With bowls out the window, it’s booze and bingo for the foul-mouthed Big Angie who along with her Dolly by name dolly by nature pal have retired to Craig Tara caravan park to ogle the local crooner. But “baw deep” into their second week it all goes Pete Tong when a loyalist rock band by the name of Huns n Roses supplant the object of their affection who by the end of their holiday from hell turns into the object of their aversion. Square goes with schemey lassies, lines of coke with a boyband on the slide and heart to hearts with a butch female bouncer. As Big Angie says: “Nae cunt’s perfect”. And contrary to Huey the Crooner, the worst is yet to come.

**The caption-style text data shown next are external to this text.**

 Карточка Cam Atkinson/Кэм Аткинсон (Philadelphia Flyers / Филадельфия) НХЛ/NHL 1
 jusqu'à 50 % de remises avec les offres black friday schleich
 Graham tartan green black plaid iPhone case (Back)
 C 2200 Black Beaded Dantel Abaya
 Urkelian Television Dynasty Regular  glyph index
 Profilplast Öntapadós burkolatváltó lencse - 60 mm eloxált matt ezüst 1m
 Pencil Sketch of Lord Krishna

Chris McQueer © Sinead Grainger

The first of 19 tall tales in HWFG, Chris McQueer’s sparkling follow up to his debut collection of “short stories ‘n that” Hings which won the 2018 Sabateour Award for Best Short Story Collection. And given how bold, fresh, current, wacky, laugh out loud funny and wonderfully written these walks on the wild side of Glasgow and beyond (North Korea) and below (the bottom of the ocean) are, it’s fair to say that more gongs await.

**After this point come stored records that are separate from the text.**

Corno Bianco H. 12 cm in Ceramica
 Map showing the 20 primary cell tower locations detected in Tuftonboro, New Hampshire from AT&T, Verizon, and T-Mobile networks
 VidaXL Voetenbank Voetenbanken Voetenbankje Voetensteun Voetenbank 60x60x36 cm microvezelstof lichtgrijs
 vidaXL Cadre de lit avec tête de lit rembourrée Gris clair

From two Weegie apprentices chewing the cud about Brexit to a washed-up screw with a gammy leg having a square go with the Great Leader (“Tell Kim he’s getting fucking leathered”), this is politics with a small p. But it’s silly and surreal with a brace of large S’s. For McQueer takes ordinary people from ordinary backgrounds and places and puts them on an extraordinary journey which has more twists than a Chubby Checker convention. The endings of which are joyously unpredictable. None more so than Interview With The Shoe Guy in which the purveyor of single shoes by the roadside together with Trooser Wummin, Glove Cunt and Soaks give a hack a right royal roasting.

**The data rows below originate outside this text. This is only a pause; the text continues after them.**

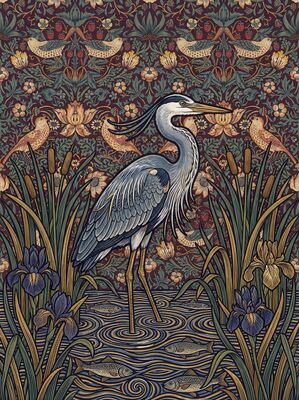William Morris Heron and Bulrush Canvas Wall Art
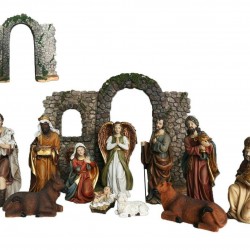 Holy Family Christmas Ornate Nativity Scene with Arch 10 Inch 11-Piece Set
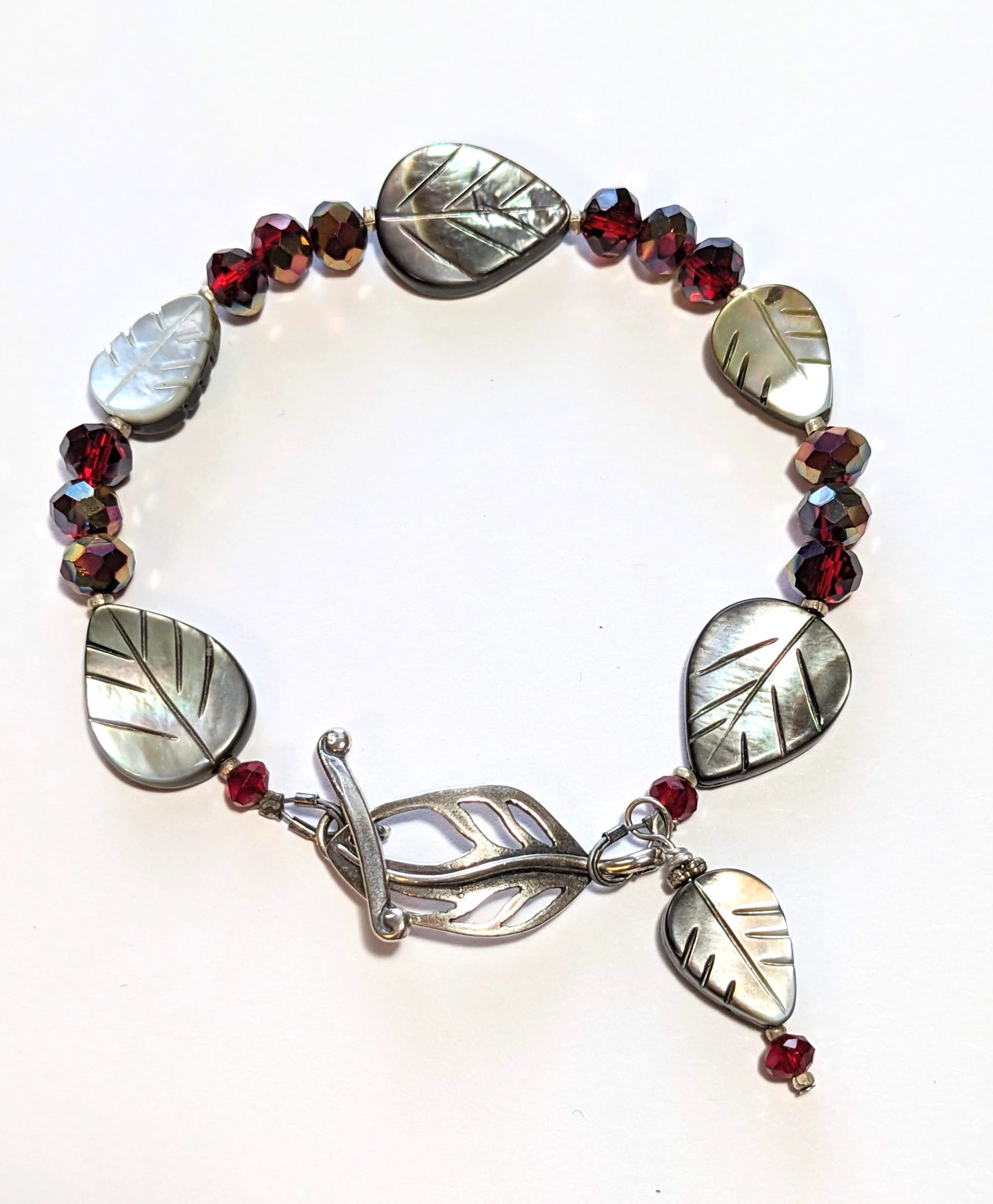 shell leaf & crystal bracelet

“I’m finding it hard to guess Kojak’s motives,” says said hack after being taken to the banks of Hogganfield Loch to feed the ducks. “To guess what he’s going to do next, to work out the right things to say back.” A fitting critique of Chris McQueer’s collection of tall tales which are as inventive as they are funny. And whether his next offering is more short stories or a novel, I for one would part with the best of a groat to find out who won the bare-knuckle brawl between the two political heavyweights on the undercard of Big Frank and Kim Jong-un – in the red corner, Mhairi Black; in the red, white and blue corner, Ruth Davidson. BIFO!